THE TASK:
All of the data that follows is to be written out exactly, with images excluded.

EXERCISE DATA:
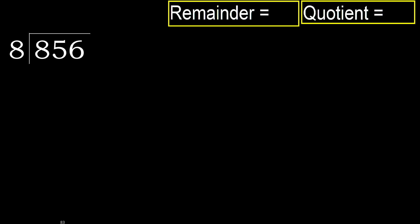856 divided by 8. 8 is not less, therefore with 8. 8 multiplied by which number is nearest to 8, but not greater.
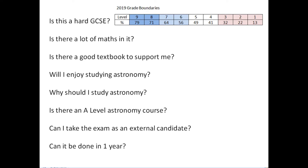Is there a lot of maths in it? There are lots of bits and pieces of GCSE-level maths throughout. Some of the harder questions — things like the inverse square law and working out magnitudes — do get a little bit mathematical.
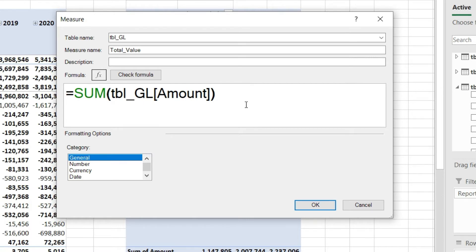One thing that is a little complicated with DAX compared to normal Excel: Excel usually auto-completes your formula and takes care of small mistakes, but in DAX it is exactly the opposite. If you miss even one bracket, the formula will not work. So we have given our command: sum all the values in the GL 'amount' column, named as 'total_value'.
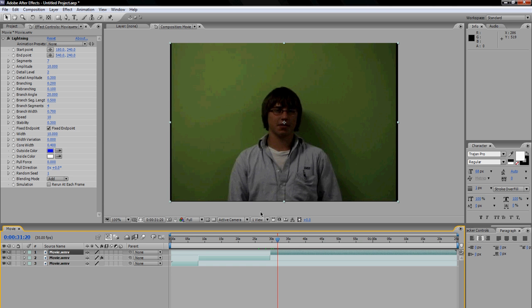So, remember to rate, comment, and subscribe. Visit the website over at LukeDemarco.com, and we will see you next time.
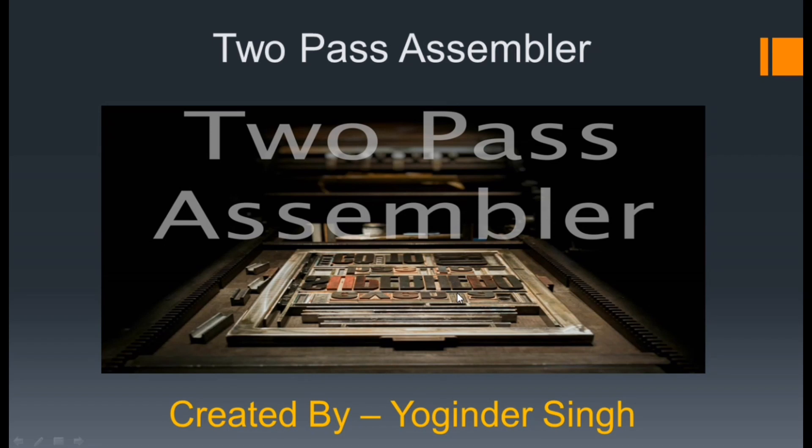Hello my dear friends, welcome back to our YouTube channel. Today we're going to discuss a very important topic of assembly language, which is the two-pass assembler.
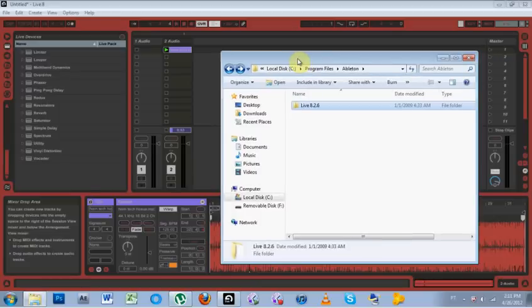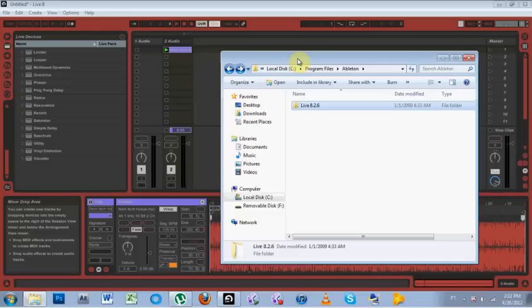What is up? This is Joshua Casper, and welcome to another very quick Ableton Live tutorial. This one's about skins and changing them and getting new ones. I've got a question about it, so here we go.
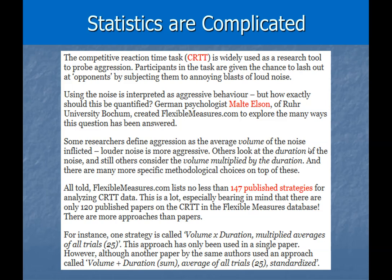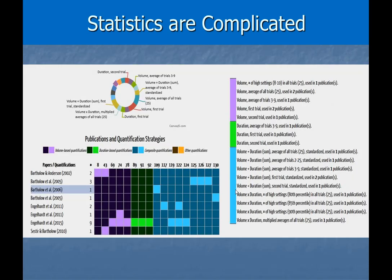In this researcher's analysis of the CRTT literature, he showed that some studies used volume-based quantification, some used duration-based, and some used composite measures — volume times duration, or the sum of duration across certain trials standardized, or volume times duration for the number of settings in the 80th or 90th percentile. All these wildly different analytical choices were applied to the exact same underlying procedure across different publications, illustrating just how much researcher degrees of freedom can corrupt a literature even when the original experimental paradigm is perfectly standardized.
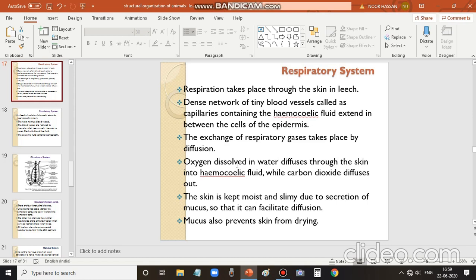Oxygen dissolved in water diffuses through the skin into the hemocoelic fluid, and carbon dioxide present in the hemocoelic fluid diffuses outside.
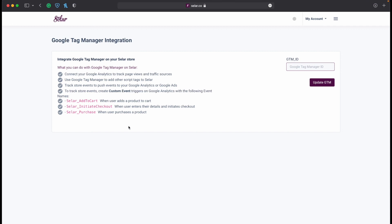So yes, you connect your GTM ID to your Seller page and the rest will be handled automatically by the system. Thank you!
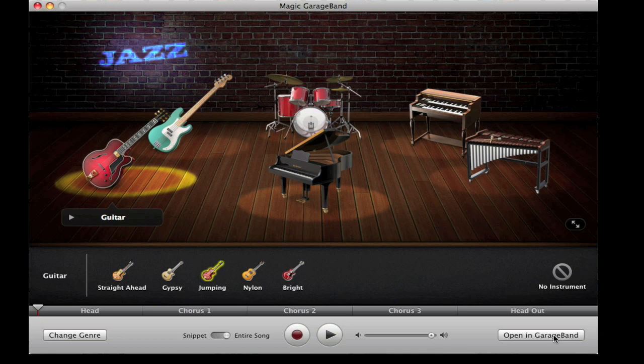Once you've selected, you just click this button which is 'Open in GarageBand,' and it will then create a GarageBand project based off the instruments and the style you've chosen.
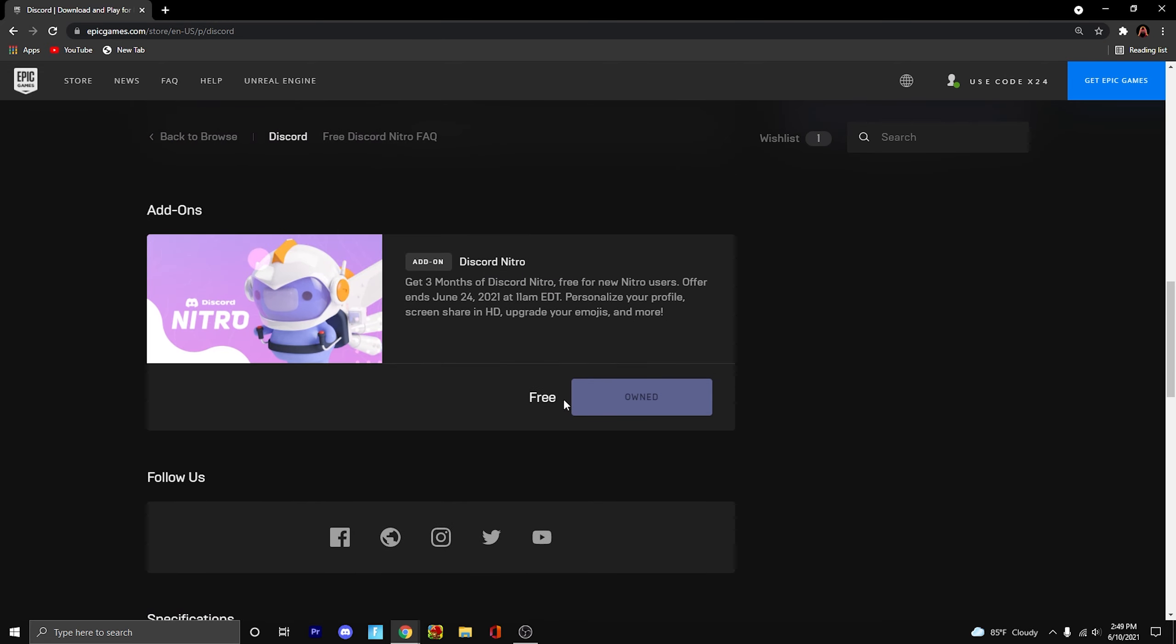It's going to be free. The reason it says it's already owned is because I've already claimed this reward for my last video, but this will still work for you. All you have to do is press Purchase. It's completely free. It won't cost you anything. You don't need to put in any bank account information.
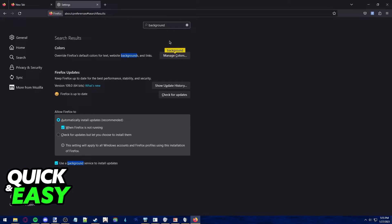Sadly, as of today, there is no way to add a custom wallpaper to Firefox, but like I mentioned, this is a workaround that might help.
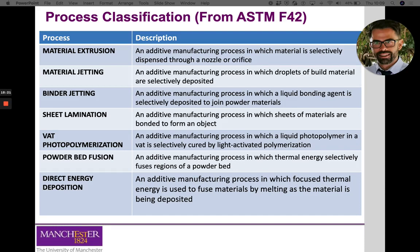Very different from extrusion and jetting principles is VAT photopolymerization. The main difference is the type of material used and what is needed to create a three-dimensional object. In this case, we have a liquid material called a photopolymer, contained within a VAT or container, which is selectively cured using light. Once irradiated with a laser — which can be UV, infrared, or a combination — a chemical reaction is triggered that transforms the liquid material into a solid. We will look at this process in more detail, examining material requirements and the reactions involved.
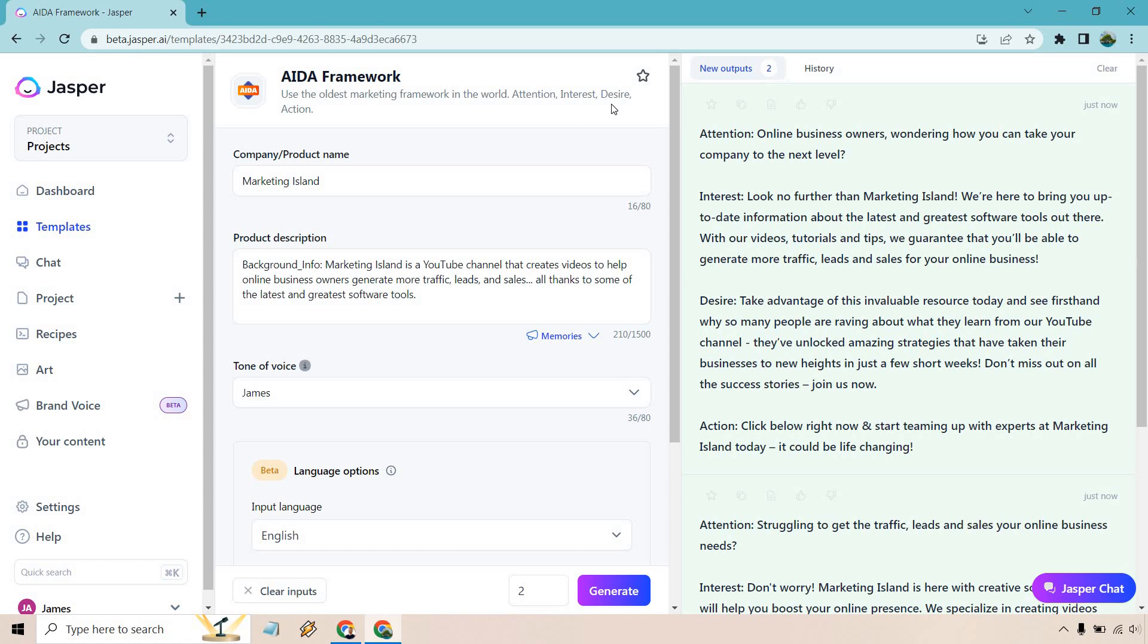They've unlocked amazing strategies that have taken their businesses to new heights in just a few short weeks. Don't miss out on all these success stories. Join us now. Click below right now and start teaming up with experts at Marketing Island today. It could be life-changing. Okay.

EXERCISE OUTPUT:
856 divided by 8. 8 is not less, therefore with 8. 8 multiplied by which number is nearest to 8, but not greater.
Is there a lot of maths in it? There are lots of bits and pieces of GCSE-level maths throughout. Some of the harder questions — things like the inverse square law and working out magnitudes — do get a little bit mathematical.
One thing that is a little complicated with DAX compared to normal Excel: Excel usually auto-completes your formula and takes care of small mistakes, but in DAX it is exactly the opposite. If you miss even one bracket, the formula will not work. So we have given our command: sum all the values in the GL 'amount' column, named as 'total_value'.
So, remember to rate, comment, and subscribe. Visit the website over at LukeDemarco.com, and we will see you next time.
Hello my dear friends, welcome back to our YouTube channel. Today we're going to discuss a very important topic of assembly language, which is the two-pass assembler.
What is up? This is Joshua Casper, and welcome to another very quick Ableton Live tutorial. This one's about skins and changing them and getting new ones. I've got a question about it, so here we go.
In this researcher's analysis of the CRTT literature, he showed that some studies used volume-based quantification, some used duration-based, and some used composite measures — volume times duration, or the sum of duration across certain trials standardized, or volume times duration for the number of settings in the 80th or 90th percentile. All these wildly different analytical choices were applied to the exact same underlying procedure across different publications, illustrating just how much researcher degrees of freedom can corrupt a literature even when the original experimental paradigm is perfectly standardized.
Oxygen dissolved in water diffuses through the skin into the hemocoelic fluid, and carbon dioxide present in the hemocoelic fluid diffuses outside.
So yes, you connect your GTM ID to your Seller page and the rest will be handled automatically by the system. Thank you!
Once you've selected, you just click this button which is 'Open in GarageBand,' and it will then create a GarageBand project based off the instruments and the style you've chosen.
It's going to be free. The reason it says it's already owned is because I've already claimed this reward for my last video, but this will still work for you. All you have to do is press Purchase. It's completely free. It won't cost you anything. You don't need to put in any bank account information.
Sadly, as of today, there is no way to add a custom wallpaper to Firefox, but like I mentioned, this is a workaround that might help.
Very different from extrusion and jetting principles is VAT photopolymerization. The main difference is the type of material used and what is needed to create a three-dimensional object. In this case, we have a liquid material called a photopolymer, contained within a VAT or container, which is selectively cured using light. Once irradiated with a laser — which can be UV, infrared, or a combination — a chemical reaction is triggered that transforms the liquid material into a solid. We will look at this process in more detail, examining material requirements and the reactions involved.
They've unlocked amazing strategies that have taken their businesses to new heights in just a few short weeks. Don't miss out on all these success stories. Join us now. Click below right now and start teaming up with experts at Marketing Island today. It could be life-changing. Okay.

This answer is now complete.